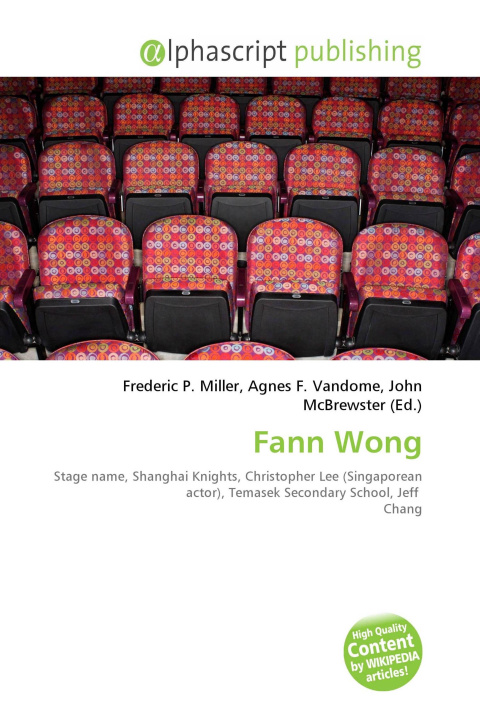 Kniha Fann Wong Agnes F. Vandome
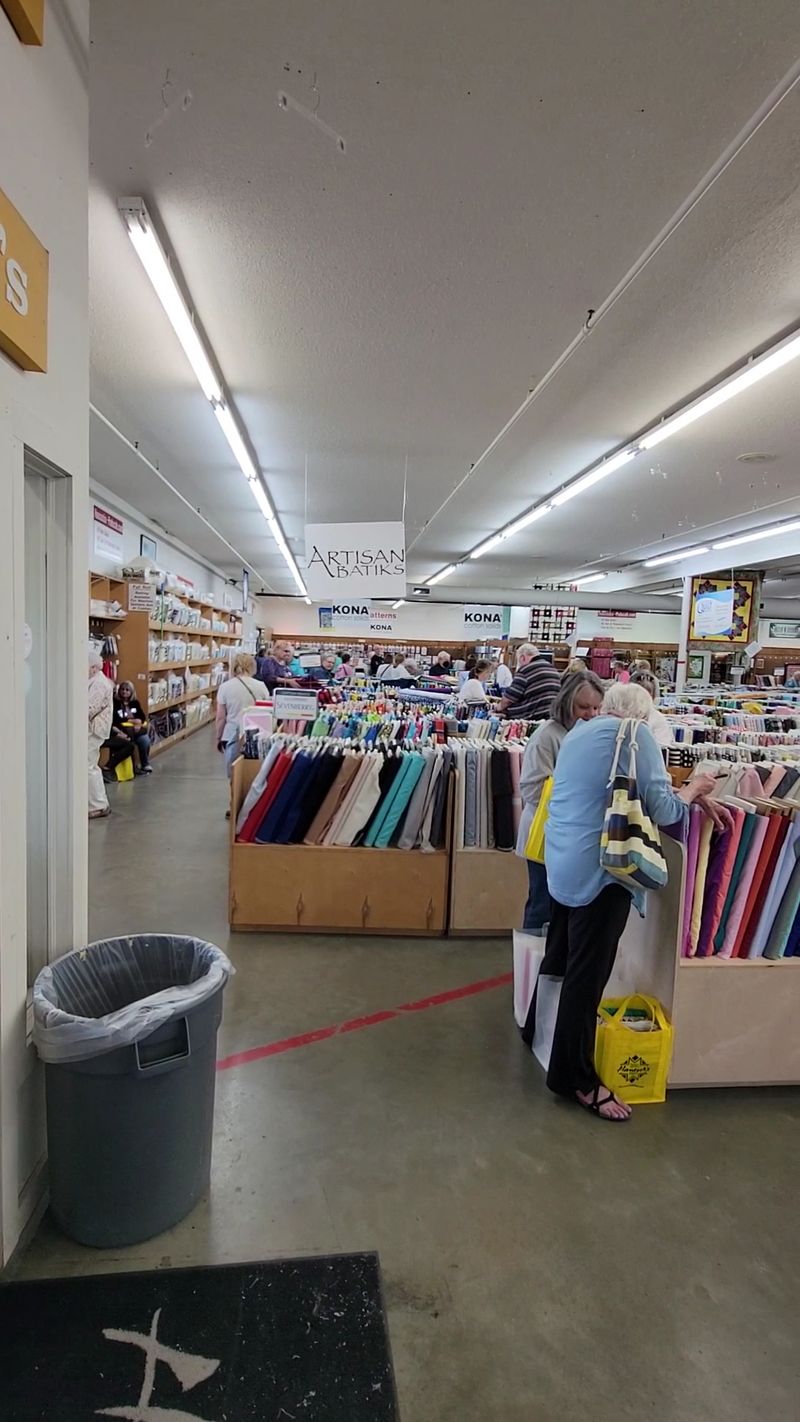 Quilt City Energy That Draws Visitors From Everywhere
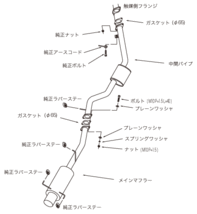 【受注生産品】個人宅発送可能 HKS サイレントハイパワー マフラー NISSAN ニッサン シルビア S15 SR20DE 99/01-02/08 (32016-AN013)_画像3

Instructions to follow: Output all of the listing above, exactly as given, but without its pictures.

Exercise response:
 Kniha Fann Wong Agnes F. Vandome
 Quilt City Energy That Draws Visitors From Everywhere
 【受注生産品】個人宅発送可能 HKS サイレントハイパワー マフラー NISSAN ニッサン シルビア S15 SR20DE 99/01-02/08 (32016-AN013)_画像3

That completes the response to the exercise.